È l’ultimo barlume di lucidità che gli rimane, e decide di ignorarlo. Lo bacia.
Lo bacia e tutto il suo mondo si assesta. Il suo sapore non è cambiato, il suo calore è lo stesso, brucia la pelle e cura ogni ferita.
«Ti prego. Max, ti prego
Max non lo ascolta, gli sbottona la camicia, bacia la sua pelle nuda. È come da ragazzi, non è cambiato niente, niente.
«Non ti lascio più» promette. «Solo io e te, per sempre. Non ti lascio a lui, non ti lascio a nessuno.
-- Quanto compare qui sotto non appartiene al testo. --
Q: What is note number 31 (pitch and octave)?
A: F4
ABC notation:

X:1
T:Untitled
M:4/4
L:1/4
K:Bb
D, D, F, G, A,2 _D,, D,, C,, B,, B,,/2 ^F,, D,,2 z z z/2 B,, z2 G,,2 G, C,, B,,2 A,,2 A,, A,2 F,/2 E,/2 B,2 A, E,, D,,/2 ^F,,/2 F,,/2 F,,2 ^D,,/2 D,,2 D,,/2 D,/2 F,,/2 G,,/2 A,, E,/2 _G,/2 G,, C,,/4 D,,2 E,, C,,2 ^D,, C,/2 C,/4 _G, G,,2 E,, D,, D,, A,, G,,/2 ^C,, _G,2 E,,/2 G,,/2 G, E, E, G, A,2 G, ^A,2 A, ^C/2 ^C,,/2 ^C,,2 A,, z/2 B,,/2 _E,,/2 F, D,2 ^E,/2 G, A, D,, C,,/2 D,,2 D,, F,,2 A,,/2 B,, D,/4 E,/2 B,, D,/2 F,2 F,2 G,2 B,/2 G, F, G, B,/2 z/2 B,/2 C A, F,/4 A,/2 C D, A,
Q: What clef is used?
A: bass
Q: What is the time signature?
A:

Sei mio, sei sempre stato mio.»
Lo tocca e si sente febbricitante. Lo spoglia, si spoglia, lo bacia, si baciano. Sono pelle contro pelle e niente ha più senso se non loro due, in quel palazzo abbandonato in mezzo alla periferia.
Matteo lo abbraccia, sente le sue lacrime sulle labbra, gliele asciuga e lo bacia ancora. Non farebbe altro.
«Mai più» giura. «Non ti lascio più. Ti amo. Ti amo.»
Hanno passato i quaranta, stanno per compiere l’errore più grande, il più doloroso, ma non potrebbe essere più giusto.
«Perché proprio qui?»
Max si blocca, lo fissa. Matteo ha i capelli sfatti, le labbra gonfie, gli occhi rossi, è bellissimo. Così bello da lasciarlo senza fiato.
«Qui è dove ti ho toccato l’ultima volta, per ferirti.» Se lo ricorda ancora quel pugno, il suo sangue sulle nocche. «Adesso voglio guarirti. Tutte le ferite che ti ho inferto, tutto il dolore che ti ho causato, voglio rimediare.»
Matteo è diffidente, lo vede nel mondo in cui la sua mascella si tende, ma si sono amati – e si amano – troppo per non darsi un’altra possibilità. Quell’incertezza infatti non dura che un battito di ciglia.
«Va bene» cede. «Va bene.»
Max lo sovrasta, lo tocca, e riprende a vivere.